**Exercise material**
*****

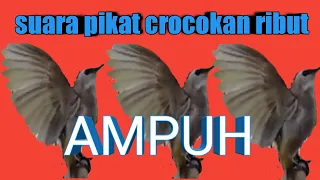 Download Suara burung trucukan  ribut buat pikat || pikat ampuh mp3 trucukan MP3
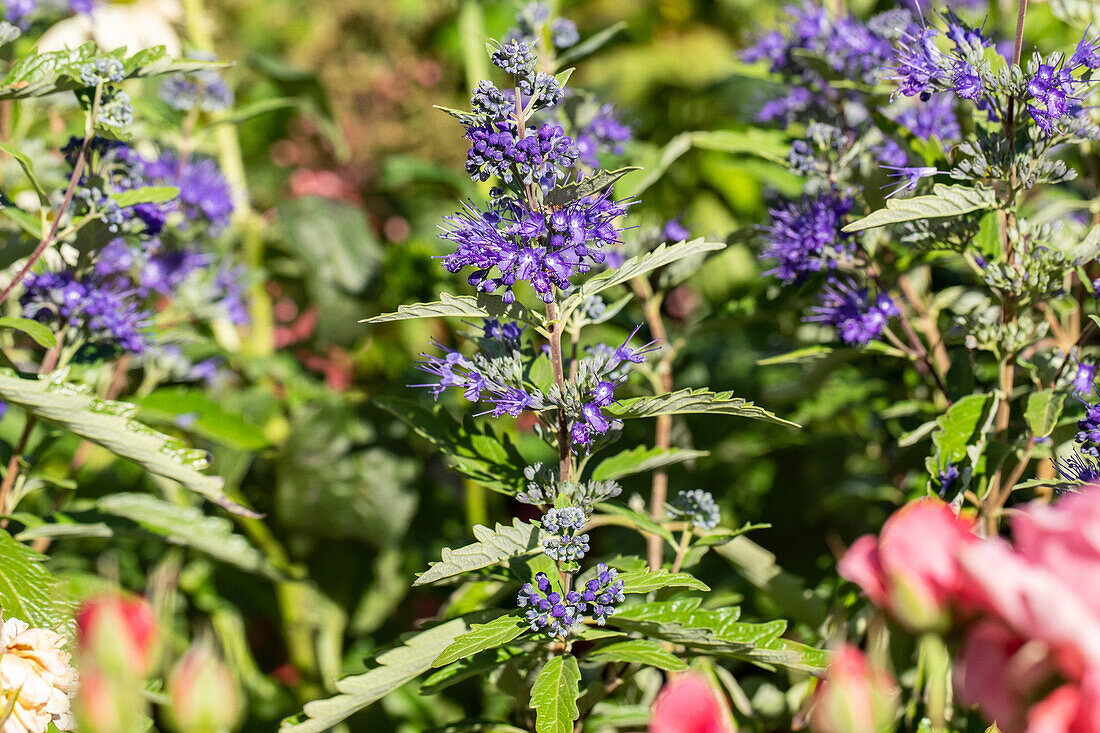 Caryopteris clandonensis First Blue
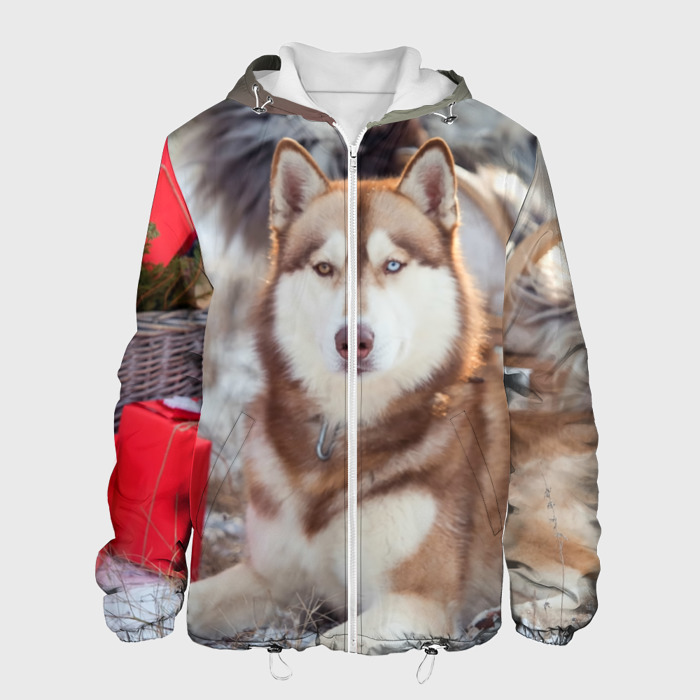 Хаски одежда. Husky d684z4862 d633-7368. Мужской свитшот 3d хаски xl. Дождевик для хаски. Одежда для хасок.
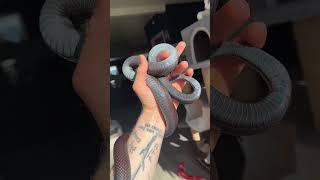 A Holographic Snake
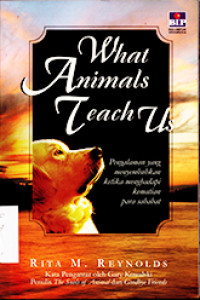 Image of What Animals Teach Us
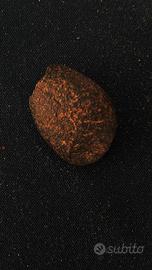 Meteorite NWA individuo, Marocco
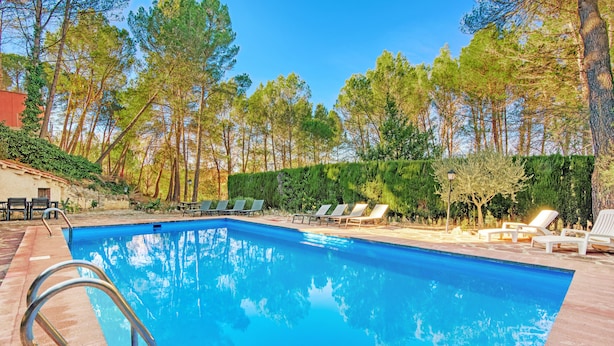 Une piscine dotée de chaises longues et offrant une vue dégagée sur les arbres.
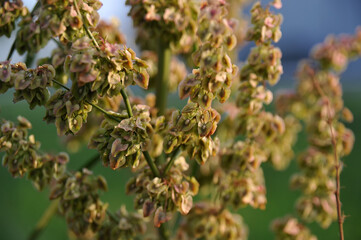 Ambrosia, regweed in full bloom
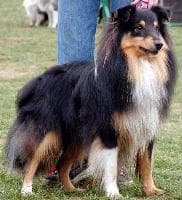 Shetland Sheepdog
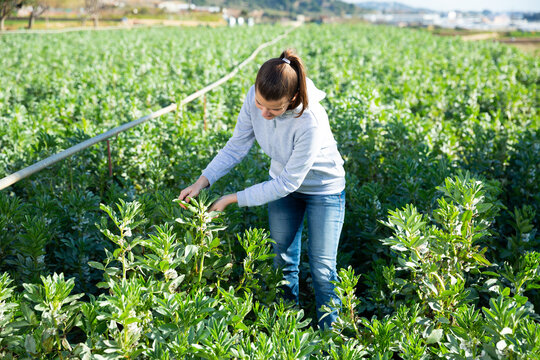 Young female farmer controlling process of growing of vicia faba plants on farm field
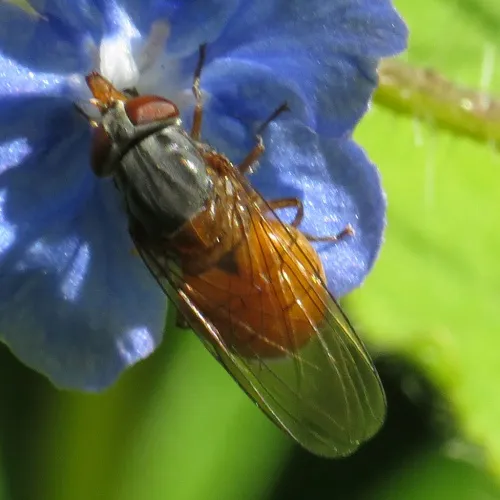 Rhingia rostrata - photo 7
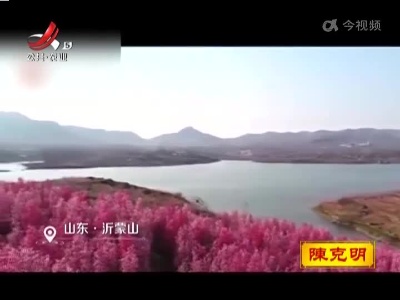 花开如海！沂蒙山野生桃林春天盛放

*****

**Required work**
Print exactly the span of lines that begins with the line containing "Une piscine dotée" and ends with the last line of the listing, with no pictures.

**Expected answer**
 Une piscine dotée de chaises longues et offrant une vue dégagée sur les arbres.
 Ambrosia, regweed in full bloom
 Shetland Sheepdog
 Young female farmer controlling process of growing of vicia faba plants on farm field
 Rhingia rostrata - photo 7
 花开如海！沂蒙山野生桃林春天盛放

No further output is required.